In one of the more surprising Fourth Amendment decisions ever handed down, the Sixth Circuit Court of Appeals ruled “chalking” tires for parking enforcement was a search and, as such, violated the Constitution. The ruling, handed down last spring, sided with the plaintiff. It found that the use of chalk to mark tires for parking enforcement was an investigative act. The intrusion onto citizens’ private property — their cars — for investigative reasons (rather than the community caretaking function the government claimed) was impermissible without a warrant, even if the cars were parked on public streets.

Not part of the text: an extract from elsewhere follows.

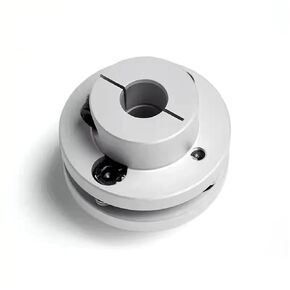 D44L35 LK3-C44 Aluminum Alloy Coupler Single Diaphragm Coupling Elastic Connector Ball Screw 1Pcs(10x10mm) in Saudi Arabia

The City does not demonstrate, in law or logic, that the need to deter drivers from exceeding the time permitted for parking—before they have even done so—is sufficient to justify a warrantless search under the community caretaker rationale. This is not to say that this exception can never apply to the warrantless search of a lawfully parked vehicle. Nor does our holding suggest that no other exceptions to the warrant requirement might apply in this case. However, on these facts and on the arguments the City proffers, the City fails to meet its burden in establishing an exception to the warrant requirement.
As is stated above, the Appeals Court didn’t say the city wouldn’t ultimately prevail, but that it couldn’t prevail on the arguments made in this case. A trespass is a trespass, even if it’s only with a piece of chalk. Parking enforcement officers use chalk to determine whether criminal infractions have occurred. That’s an investigation, not caretaking. And the case returned to the lower court for a second pass with the Appeals Court’s jurisprudence in mind.
This case, via Orin Kerr, is similar. But it originates in the Ninth Circuit. Nevertheless, the judge in this case applies the Sixth Circuit’s ruling to the facts to find that chalking tires is a search under the Fourth Amendment. Taking into account this ruling — along with the Supreme Court’s ruling on the warrantless attachment of GPS trackers to people’s cars — the California federal court says this trespass violates Constitutional rights, no matter how minimal the trespass. From the decision [PDF]:
Considering Jones, a technical trespass occurs when there is unauthorized physical intrusion. Jones, 565 U.S. at 420 (Sotomayor, J., concurring). Although Jones does not outline the boundaries of how intrusive this unauthorized physical intrusion must be to be considered a trespass, the Supreme Court found that the physical contact of a GPS beeper to the undercarriage of a car was sufficient, even though the actual contact of the beeper did not cause any damage to the defendant’s effect.
Here, considering whether the Defendants’ conduct was trespassory, the Court finds Plaintiffs have pled sufficient facts to establish their claim. Defendants physically placed chalk marks on the tires of vehicles. Although this contact does not cause outward damage to Plaintiffs’ property, it is a technical trespass nonetheless.
Moreover, constitutionally protected areas include persons’ papers, houses, and effects. U.S. Const. amend. IV. This case involves constitutionally protected personal property – personal vehicles – belonging to the Plaintiffs. Once a technical trespass has been established, it must also be shown that the trespass is conjoined with an attempt to obtain information.
This is a fairly evident point established both in Jones and here. In Jones, the police used the installed beeper to track the defendant for investigatory purposes. Here, the police chalked Plaintiffs’ tires to obtain information as to whether Plaintiffs violated the parking limitations in order to issue a citation.
Chalking could still be permitted if the search is reasonable or supported by an exception to the Fourth Amendment. Community caretaking doesn’t work, even if the court says chalking isn’t necessarily always investigatory.
Although tire chalking is arguably divorced from investigation, it is unclear whether there is a public safety risk to justify the Defendants’ actions. Defendants have merely offered that it applies to address the “immediate need for safety in the City’s rights of way.” Accordingly, the Court finds Defendants are not entitled to dismissal under the community caretaking doctrine at this juncture.
Neither does the “special needs” exception. While “maintaining order in the public ways” is in the public interest, the method of doing this involves an unjustified trespass that exceeds what’s needed to accomplish this goal. The privacy expectations inherent in people’s cars outweighs the government’s needs under this exception.
There is also no “implied license” exercised in the act of parking on a public street… at least not when it comes to allowing literally unwarranted trespasses by the government.
It is possible that law enforcement has an implied license to touch a vehicle in the same manner, and for the same purpose, as a private citizen distributing advertisements, but does not have an implied license to make contact for the purpose of investigating whether a violation of law has occurred. Defendants’ position seemingly ignores the purpose behind the two types of action: one is innocuous while the other is investigatory. On its face, the practice of chalking tires seems more investigatory than innocuous…
Like the Sixth Circuit, the California court doesn’t say there’s no way the government will be able to talk it into continuing to mark tires without a warrant. But it’s not willing to dismiss the lawsuit at this point. For now, chalking tires in this federal district is an invitation to be sued.